The Republican Establishment Strikes

The Republican Establishment Strikes

In remarkable speeches this week, two members of what skeptics like to call the “Republican establishment” took on President Donald Trump and his brand of nationalist populism. Neither man mentioned the president by name, but their criticisms were unmistakable. Speaking in Philadelphia, where he received a Liberty Medal from the National Constitution Center, Sen.
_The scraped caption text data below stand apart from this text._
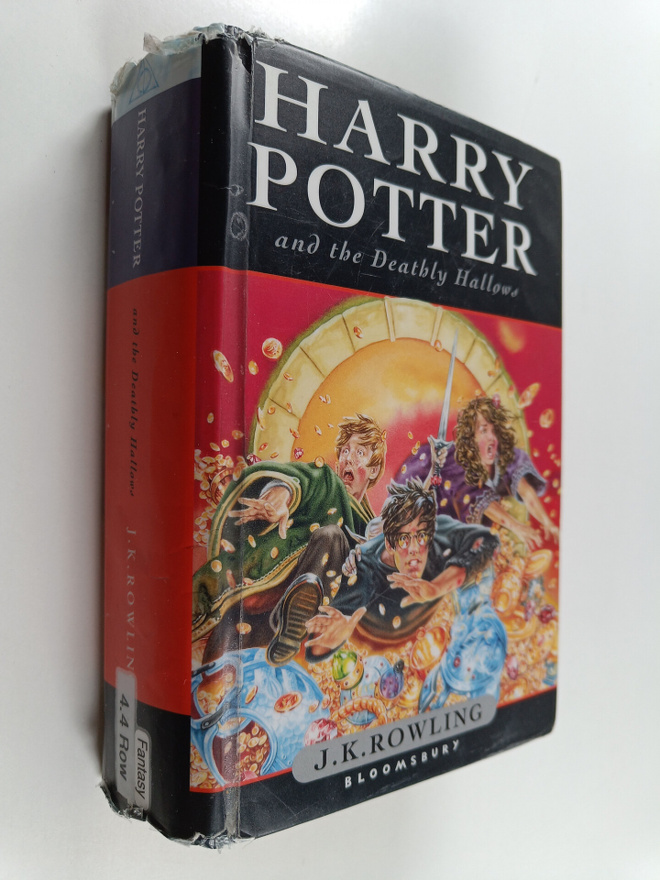 J. K. Rowling : Harry Potter and the Deathly Hallows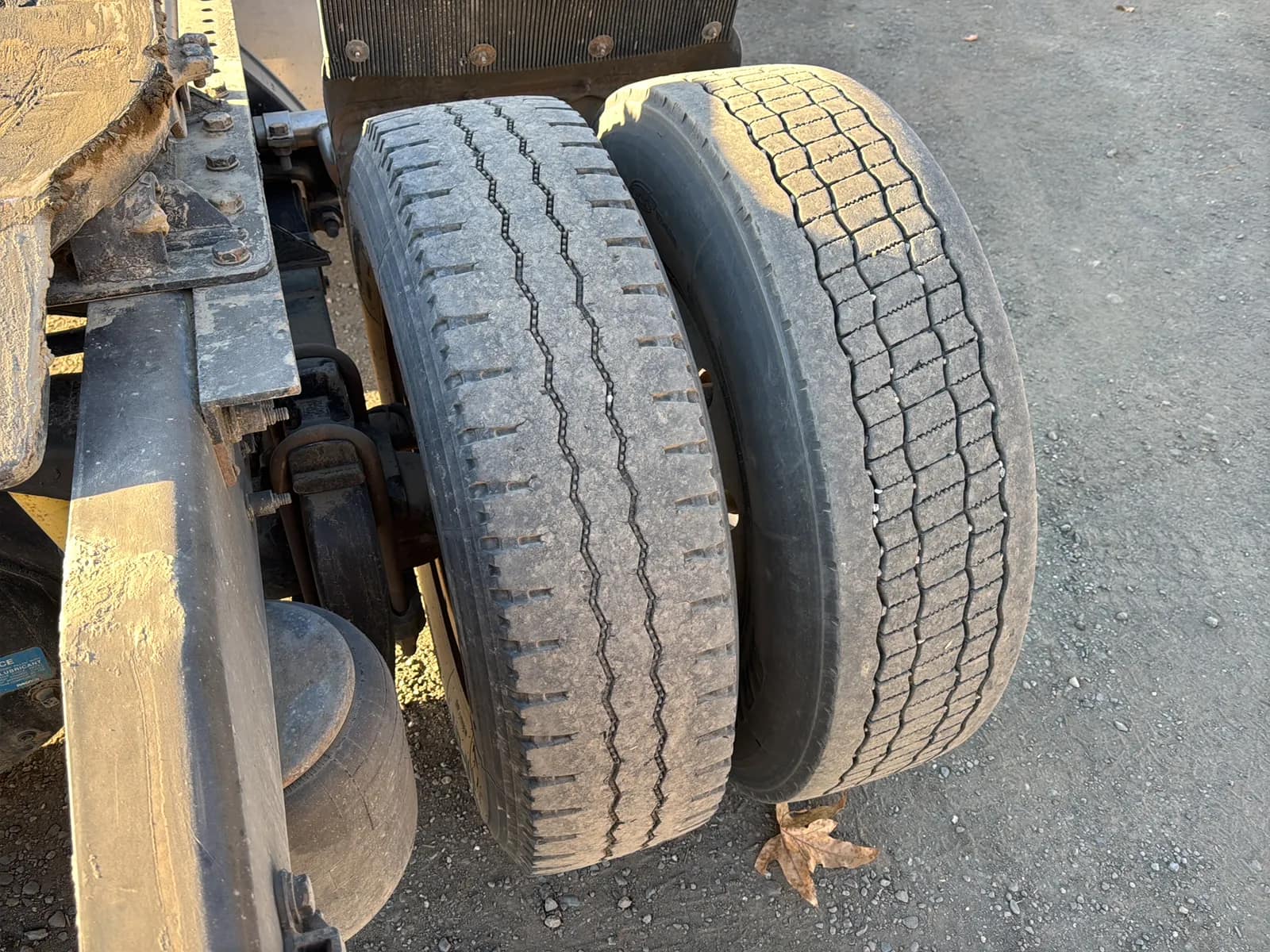 2016 Peterbilt PB348 2-Axle Automatic Tractor Trailer, photo 20 of 73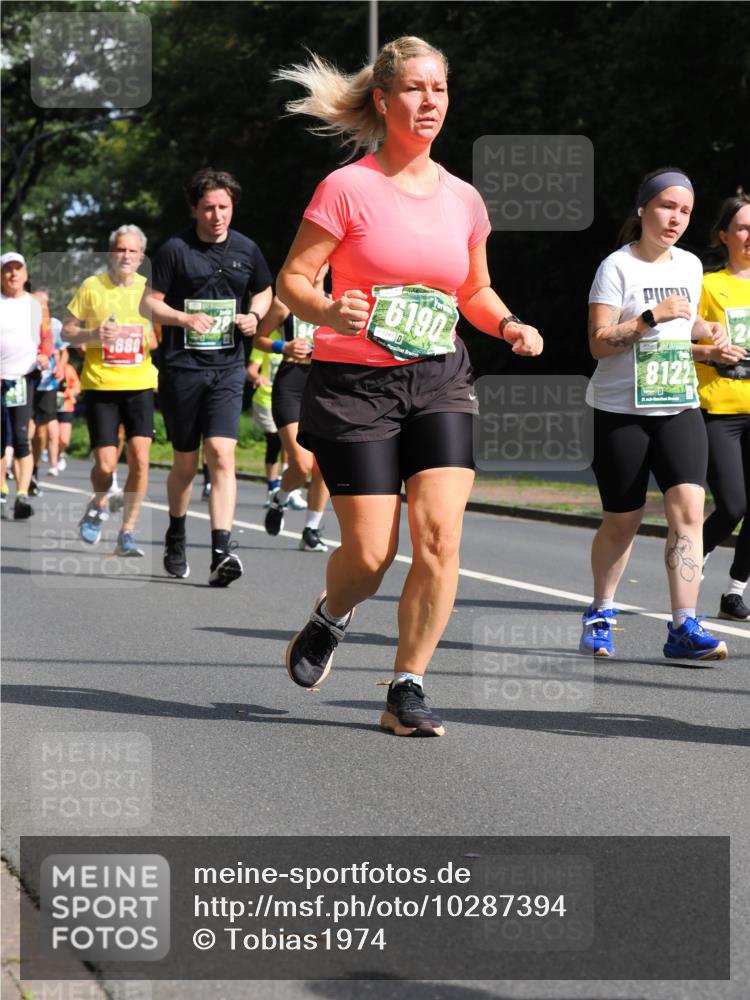 13.09.2026 - 21. swb-Marathon Bremen TobiasT http://msf.ph/oto/10287394 13.09.2026 12:21:35 Laufen 680, 6190, 9245, 8122 meine-sportfotos.de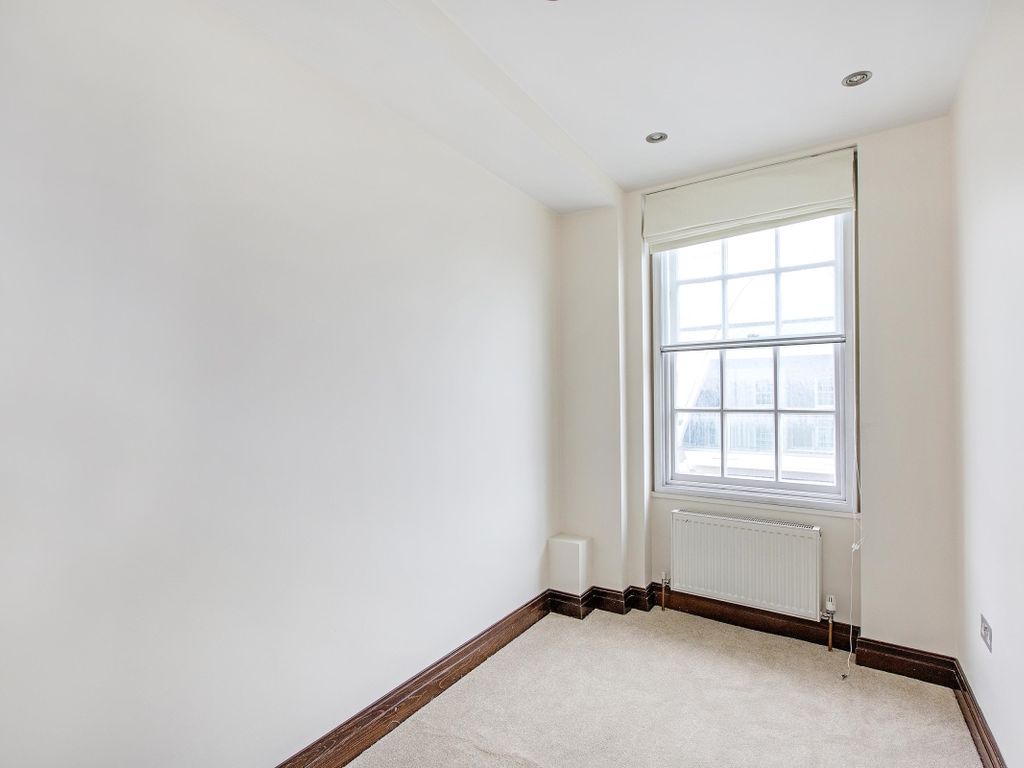 3 bed flat to rent in Great Cumberland Place, London W1H, £4,000 pcm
John McCain said of the current president’s policies, “To abandon the ideals we have advanced around the globe, to refuse the obligations of international leadership and our duty to remain ‘the last best hope of earth’ for the sake of some half-baked, spurious nationalism cooked up by people who would rather find scapegoats than solve problems is as unpatriotic as an attachment to any other tired dogma of the past that Americans consigned to the ash heap of history.”

Former President George W. Bush, speaking on Thursday, followed suit: “Our politics seems more vulnerable to conspiracy theories and outright fabrication,” he warned. “We’ve seen our discourse degraded by casual cruelty. … We’ve seen nationalism distorted into nativism — forgotten the dynamism that immigration has always brought to America.” Bush has been reluctant to take center stage since leaving office more than eight years ago, withholding criticism from his Democratic successor, President Barack Obama, even when the latter did not return the favor by calling out the Bush administration in his first inaugural address for “greed and irresponsibility.” But apparently, Bush felt compelled to say something now, perhaps because he sees President Trump as destroying the Republican Party, as well as harming the country.